Le milieu d’origine d’un personnage est caractéristique de certaines habitudes et de l’éducation dont a bénéficié le personnage. C’est un filtre important à sa perception du monde et les Modules qui définissent ces archétypes sont généralement plus abstraits et touchent plus profondément la personnalité. Voici quelques exemples d’archétypes sociétaux valables dans un univers de fantasy :

Aristocrate (10) :

  • Érudition littéraire et historique (3) : 1
  • Education protocolaire (3) : 1
  • Politique de <choix d’une localité de type pays> (3) : 1
  • Formation au maniement de <choix d’une arme spécifique> (1) : 1

Bourgeois (10) :

  • Érudition littéraire et comptable (3) : 1
  • Débrouillardise sociale à <choix d’une localité de type cité> (2) : 2
  • Connaissance des commerces et des finances de <choix d’une localité de type cité> (3) : 1

Militaire (10) :

  • Connaissance des hiérarchies (3) : 1
  • Education disciplinaire (3) : 1
  • Relations dans <choix d’une organisation militaire proche> (2) : 1
  • Formation au maniement de <choix d’une catégorie d’arme spécifique> (2) : 1

On notera que les centres d’intérêts varient énormément d’un milieu social à l’autre. Il en découle que certaines combinaisons de métier et de milieu social seront plus adéquates que d’autres, permettant le mariage de plus de Modules selon le contexte d’une action donnée. SMS conseillant de ne pas autoriser des modules au-delà du rang 2 à la création, les Modules identiques issus de plusieurs archétypes ne sont pas cumulable si leur score s’élève au-dessus de cette limite. Il convient de se rappeler que la diversité des Modules vaut plus que leurs scores avec un personnage débutant.

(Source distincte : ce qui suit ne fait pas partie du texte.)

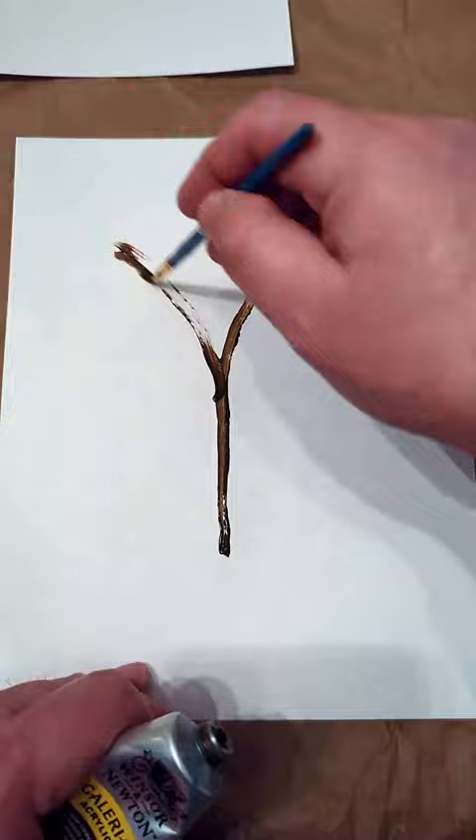On the second sheet, I'm adding the tree trunk and branches with a light coat of paint. Now, when I press them together, I get two versions to play with.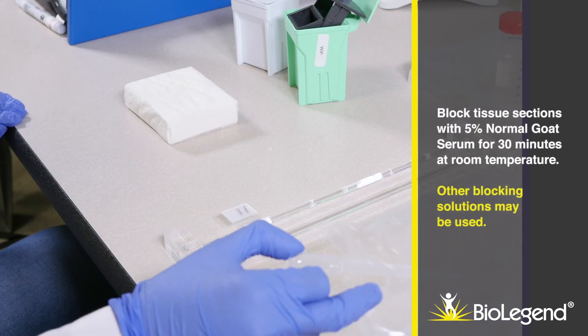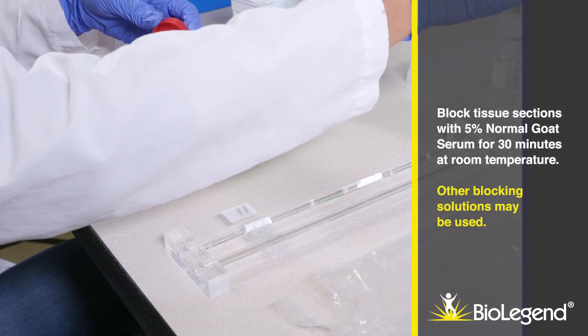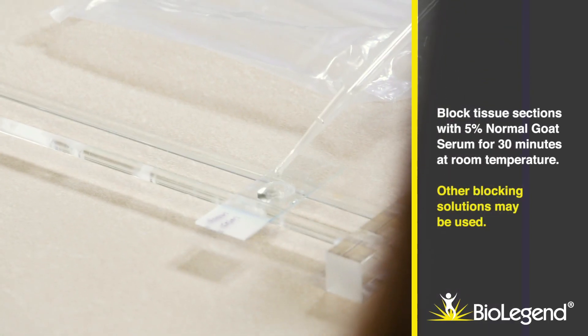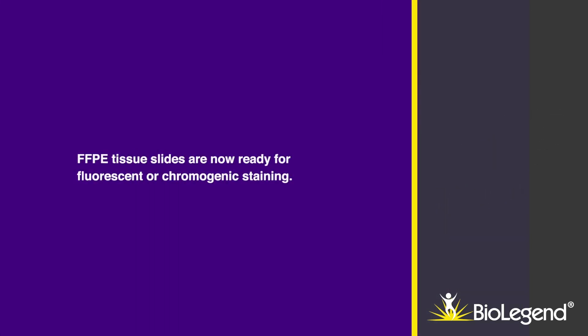Block tissue sections with 5% normal goat serum for 30 minutes at room temperature. Other blocking solutions may be used. Formalin-fixed, paraffin-embedded tissue sections are now ready for fluorescent or chromogenic staining.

Archétypes de traits aventureux

Au-delà des fonctions évidentes des archétypes métiers et sociétaux, l’intérêt de cette nouvelle catégorie est davantage de concevoir son personnage à la carte. Les traits aventureux peuvent être vus comme un ensemble de Modules qui représentent une compétence du personnage dans un domaine donné, une compétence trouvant son utilité dans l’attirail du parfait aventurier. N’être qu’un assemblage de trait aventureux ne donnera pas forcément un personnage complet. Il manquera de Modules s’appesantissant davantage sur son background. La plupart du temps, un seul trait aventureux peut suffire à compléter un personnage défini par d’autres archétypes.

Voici quelques exemples de traits aventureux que l’on pourrait développer dans une contextualisation d’univers de fantasy :

Combattre avec une arme de jet (5) :

  • Maniement de <choix d’une arme de jet> (1) : 2
  • Précision des armes à distance (3) : 1

Pister (10) :

  • Traque dans <choix d’un milieu> (3) : 2
  • Pistage de <choix d’un type de créature> (4) : 1

Médecin amateur (9) :

  • Connaissance de l’anatomie humaine (3) : 1
  • Réalisation de bandages et d’atèles (3) : 2

On notera que pour être représentatif d’une compétence certains traits aventureux se payent avec plus de points d’expérience que d’autres. Autrement dit, la sélection d’un archétype de trait aventureux n’est pas forcément compatible avec la sélection d’un archétype de métier ou de société. Il sera toutefois possible de compléter le personnage avec des Modules négatifs pour obtenir du rab de points d’expérience. Il faut aussi garder à l’esprit que les faibles scores de ces Modules peuvent se combiner avec ceux des autres archétypes dans le contexte d’une action, le trait aventureux n’est donc pas seul porteur du score d’action dans le registre de compétence indiqué.

Lego-land

Les possibilités offertes par les archétypes, qu’ils soient composés d’un seul ou de plusieurs Modules qui deviennent, par essence, des Modules prédéfinis, sont illimitées. Le travail préparatoire, selon moi indispensable pour offrir un univers jouable clé en main à l’aide de SMS, est important mais pour monter une partie rapide ou simplement donner des idées à la création de personnage, c’est un travail utile. Outre le fait que cela aidera à mieux cerner votre univers de jeu, la contextualisation de SMS sous cette forme permet de mieux fixer les idées, de voir ce qui se fait, comment le monde vit, comment il est structuré. Au bout du compte, il n’y a guère de différence entre une présentation de votre univers et un catalogue d’archétype, attendu que chacun d’eux est un aspect du premier.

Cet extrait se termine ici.